Mansfield Oil Co. in Gainesville, Ga., was awarded a five-year contract by the Department of General Services that includes two, two-year options that could bring the award’s total value to $548 million.
The Board of Public Works — comprised of Franchot, Gov. Martin O’Malley and Treasurer Nancy K. Kopp — voted 2-1 to approve the contract award.
Franchot said he was disappointed the agency could not award the contract to an in-state company, especially given the award’s size and length. Mansfield will hold the contract at least until 2017, but perhaps as late as 2021 if both options are exercised.
Of the four finalists for the award, none were Maryland companies.
“For some reason … we couldn’t find one Maryland fuel supplier,” Franchot said in apparent disbelief.
Alvin C. Collins, secretary of general services, said three state companies responded to the agency’s Request for Proposals, but two were immediately thrown out because they did not adequately address parameters in the request. The last was disqualified because it did not have the ability to provide necessary services, he said.
After examining the third Maryland business, Collins said the agency basically told the bidder “you couldn’t get there even if you tried.”
“We did do every effort we could,” Collins said. “We think that the price … is very, very competitive,” so the agency could not restart the bidding process in an attempt to lure another Maryland company. Law prevents the state from giving preference to local companies when awarding a contract.

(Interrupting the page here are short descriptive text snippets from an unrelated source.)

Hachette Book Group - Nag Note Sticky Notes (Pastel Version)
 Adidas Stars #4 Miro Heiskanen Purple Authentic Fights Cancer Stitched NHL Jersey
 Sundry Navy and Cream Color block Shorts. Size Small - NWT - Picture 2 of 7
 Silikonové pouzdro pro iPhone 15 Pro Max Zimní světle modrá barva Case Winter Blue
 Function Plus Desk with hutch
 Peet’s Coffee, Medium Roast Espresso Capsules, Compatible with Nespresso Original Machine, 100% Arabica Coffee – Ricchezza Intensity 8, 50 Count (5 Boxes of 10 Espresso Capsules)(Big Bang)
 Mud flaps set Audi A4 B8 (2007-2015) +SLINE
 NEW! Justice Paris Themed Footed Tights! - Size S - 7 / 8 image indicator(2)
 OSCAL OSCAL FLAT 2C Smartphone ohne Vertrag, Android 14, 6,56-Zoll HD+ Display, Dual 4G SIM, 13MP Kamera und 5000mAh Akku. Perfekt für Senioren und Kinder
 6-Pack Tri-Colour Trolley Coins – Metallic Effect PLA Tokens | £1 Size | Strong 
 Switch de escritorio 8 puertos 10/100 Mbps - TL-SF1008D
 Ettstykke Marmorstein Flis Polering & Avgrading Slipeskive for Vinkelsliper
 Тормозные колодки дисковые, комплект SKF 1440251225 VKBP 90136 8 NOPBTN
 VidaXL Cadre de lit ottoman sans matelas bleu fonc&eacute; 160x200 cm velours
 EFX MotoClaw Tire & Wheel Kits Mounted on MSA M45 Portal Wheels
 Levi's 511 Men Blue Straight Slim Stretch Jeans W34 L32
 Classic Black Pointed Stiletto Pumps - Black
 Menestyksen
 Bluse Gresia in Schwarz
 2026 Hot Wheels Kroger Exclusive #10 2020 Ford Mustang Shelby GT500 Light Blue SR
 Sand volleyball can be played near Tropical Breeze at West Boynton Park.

The secretary also noted that the Maryland companies that were disqualified — and the other out-of-state options — were not protesting the award.
“We don’t have a bid protest, which is unheard of,” Collins said. It’s also likely that Mansfield will hire Maryland subcontractors, he said.
The Maryland Statewide Fuel Dispensing Management System dispenses 10.8 million gallons of various motor fuels per year at more than 100 facilities across the state. About 15,000 state vehicles can use the stations.
Eight tasks are articulated in the contract, include replacing the state’s aging fuel-dispensing system, monitoring environmental and operational safety of the system and providing emergency response. Mansfield was the only company able to meet all eight tasks. The agency considered awarding parts of the contract to separate companies if it made fiscal sense, but Mansfield was the best option, Collins said.
Franchot said he did not have a problem with the decision of the agency, but was instead frustrated that state companies were not in a position to effectively enter the bidding process. The comptroller said he wanted to explore what could be done that was “appropriate, legal and ethical” that could have helped a Maryland company win the contract.
“I just think we need to appreciate and acknowledge what we have and let them compete,” Franchot said, adding that even though the procurement may have been technically correct, it “was flawed.”
“These contracts are important,” Franchot said.
O’Malley and Kopp remained silent for much of the discussion before voting in favor of the award.
The board also voted unanimously to approve the award for a $598 million inmate health care contract, to be used by the Maryland Division of Correction and Maryland Division of Pretrial Detention and Services.
The winner of the contract was Pittsburgh-based Wexford Health Sources Inc., which beat out St. Louis-based Corizon Inc.
Corizon is protesting the award, but the Department of Budget and Management asked the board to approve the award because the vendor could make important service improvements and address concerns noted in a legislative audit.